Изабелла заснула, а я сидел рядом, нахохлившись как замерзшая птица, сторожил её сон и думал.
У меня с собой не было ни денег, ни документов – ничего, кроме стихов! Я был гол как сокол. Изабелла и подавно…. Тут какая-то искорка мелькнула в голове, и я понял, как нам спастись.
Алжир – французская колония. Если это, конечно, Алжир, а не Триполи или Тунис. Надо найти, хотя бы префекта или генерал губернатора. Там нас посадят на корабль и высадят где-нибудь в Европе. Италия ближе всего.

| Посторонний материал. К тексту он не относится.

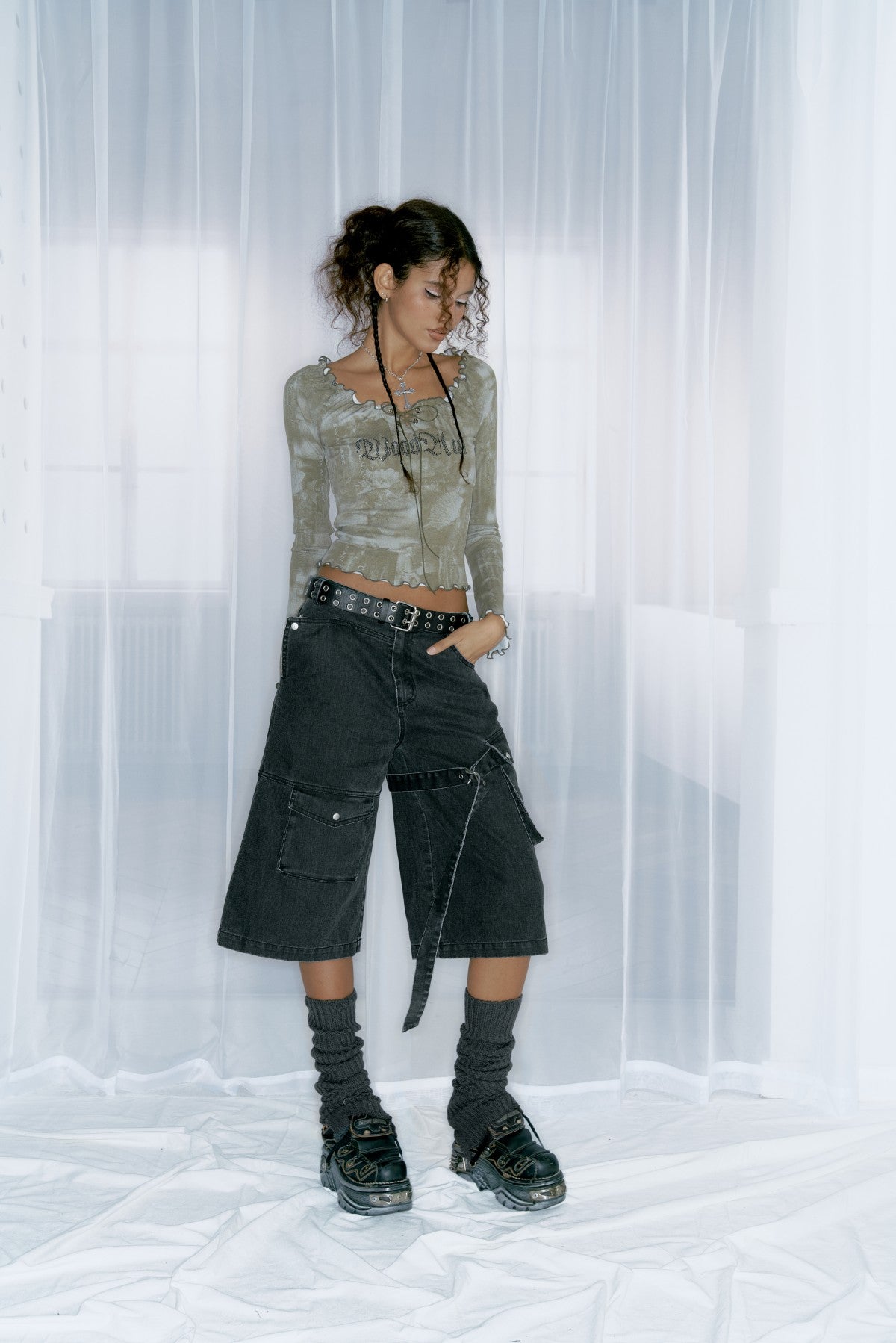Loose fit-a-pack cargo pants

Я обрадовался и, несмотря на все свои муки, заснул с надеждой.
Утром я рассказал Изабелле о своей догадке. Она апатично согласилась. Я приласкал её. Уверив, что всё будет хорошо. Так оно и оказалось. Правда, ради своего блага, нам пришлось солгать и представиться супругами.
Прошло несколько дней, и я уже прощался с Изабеллой в Неаполе.

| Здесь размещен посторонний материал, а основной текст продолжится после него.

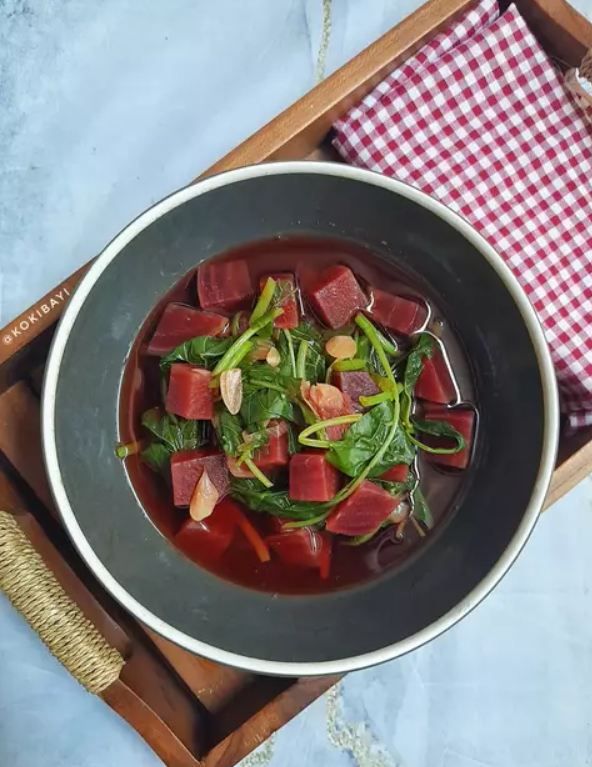 30 Resep sayur bayam bening, segar, simpel, dan menggugah selera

- Вы так и остались ко мне равнодушны? – вопрошал я. – После того, что я для вас сделал?!
Она молчала и глядела куда угодно, только не на меня.
- Я вас обожаю! Люблю больше всей жизни! – продолжал я.

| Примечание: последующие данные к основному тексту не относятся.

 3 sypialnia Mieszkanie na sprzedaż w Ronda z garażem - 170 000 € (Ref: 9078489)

Она недоверчиво подняла глаза, вдруг повернулась и заспешила по
улице.
- Не уходите! – кричал я. – Скажите хоть одно слово.
Она обернулась.
- я люблю другого! И как вы смеете желать моей любви, если он, может быть, давно погиб!
- Не думайте, что я у вас одна! – сказала она и ушла.
А я стоял посреди улицы, и на меня натыкались прохожие. Все мои надежды, любовь, вдохновение –всё теперь пошло ко дну. «Изабелла», - шептал я, - ты не поняла одинокого поэта, который был не хуже твоего пианиста».
Я заложил руки в карманы и ходил по городу, бормоча несказанные в решающие минуты слова.
Эпилог
Спустя два месяца я сошёлся с одной сумасбродной русской, в которой обрёл идеальную женщину с огромным внутренним миром. Она была то жесткой и деспотичной, то романтичной и ласковой. Она тоже любила не впервые, со всей серьёзностью уверяла, что не пройдёт и года, как мы разойдёмся и забудем друг друга. Она называла меня идеальным мужчиной и восторгалась моими стихами. Мы были абсолютно одинаковы в сердце и мыслях, и и вместо поцелуев без конца спорили о высоких материях. Мы были счастливы.
А Изабелла? Она вышла замуж за того самого пианиста, который, оказывается, спасся.